**Your task:**
Look below for the line with "KHAU-17A11-24 | POWER"; begin the copy there and stop after the line with "Canterbury of New", keeping the text exact and the pictures out.

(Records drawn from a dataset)

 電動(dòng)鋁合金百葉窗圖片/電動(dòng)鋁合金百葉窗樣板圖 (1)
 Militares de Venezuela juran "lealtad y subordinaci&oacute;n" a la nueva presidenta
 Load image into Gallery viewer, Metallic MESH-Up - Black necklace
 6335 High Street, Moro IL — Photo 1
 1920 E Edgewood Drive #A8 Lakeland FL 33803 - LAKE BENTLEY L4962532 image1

==

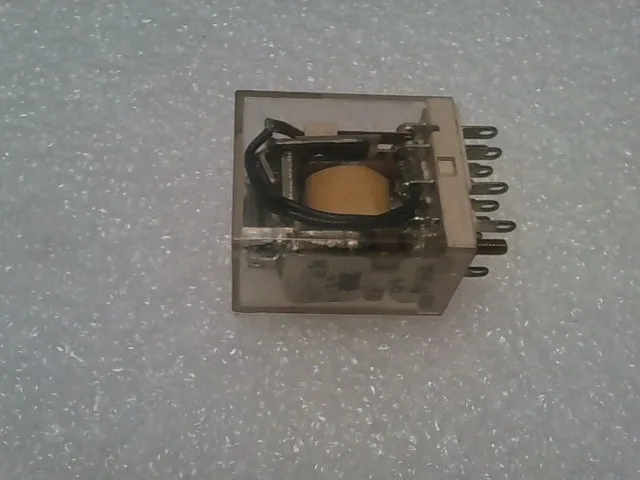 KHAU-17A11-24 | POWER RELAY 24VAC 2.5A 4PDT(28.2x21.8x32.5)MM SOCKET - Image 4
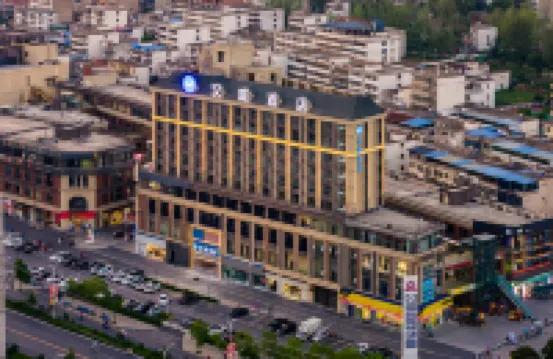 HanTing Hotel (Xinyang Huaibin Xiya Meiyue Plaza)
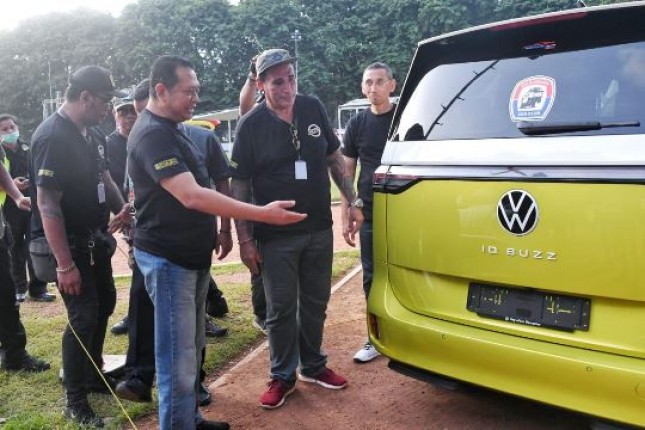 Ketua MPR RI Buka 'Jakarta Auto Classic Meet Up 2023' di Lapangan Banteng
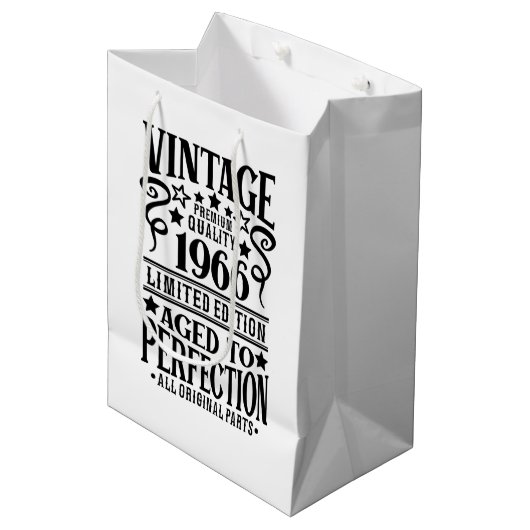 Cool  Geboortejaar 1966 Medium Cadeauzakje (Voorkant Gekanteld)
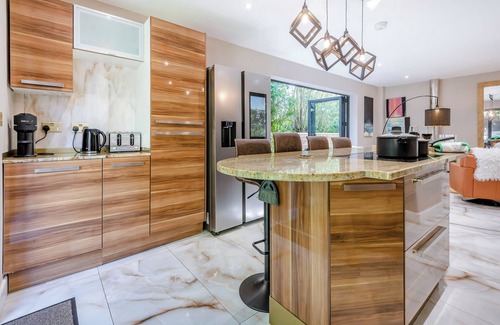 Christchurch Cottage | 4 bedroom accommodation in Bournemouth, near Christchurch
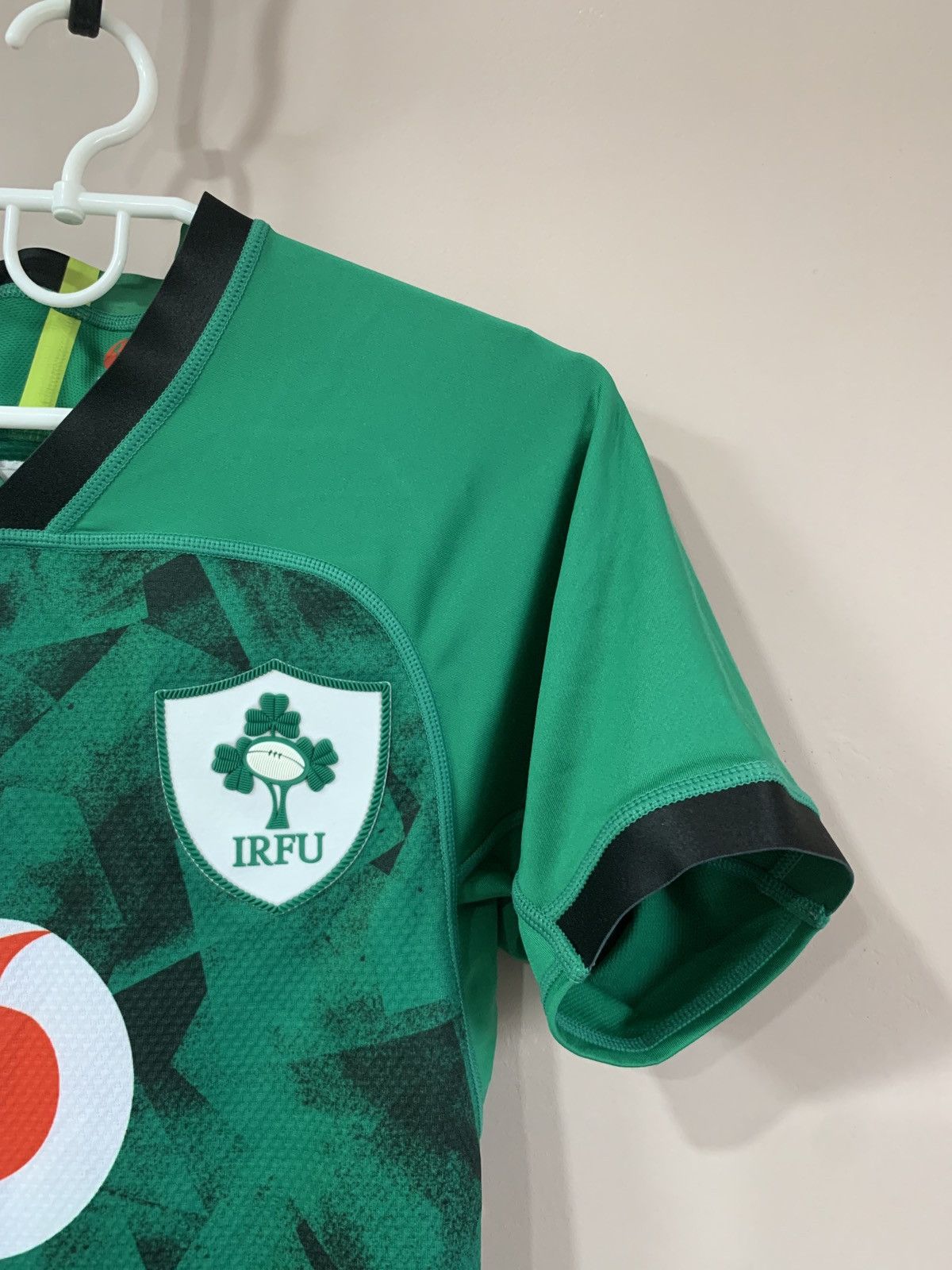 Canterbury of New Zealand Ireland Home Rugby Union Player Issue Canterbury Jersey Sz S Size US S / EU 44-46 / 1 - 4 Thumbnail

**Problem solution:**
 KHAU-17A11-24 | POWER RELAY 24VAC 2.5A 4PDT(28.2x21.8x32.5)MM SOCKET - Image 4
 HanTing Hotel (Xinyang Huaibin Xiya Meiyue Plaza)
 Ketua MPR RI Buka 'Jakarta Auto Classic Meet Up 2023' di Lapangan Banteng
 Cool  Geboortejaar 1966 Medium Cadeauzakje (Voorkant Gekanteld)
 Christchurch Cottage | 4 bedroom accommodation in Bournemouth, near Christchurch
 Canterbury of New Zealand Ireland Home Rugby Union Player Issue Canterbury Jersey Sz S Size US S / EU 44-46 / 1 - 4 Thumbnail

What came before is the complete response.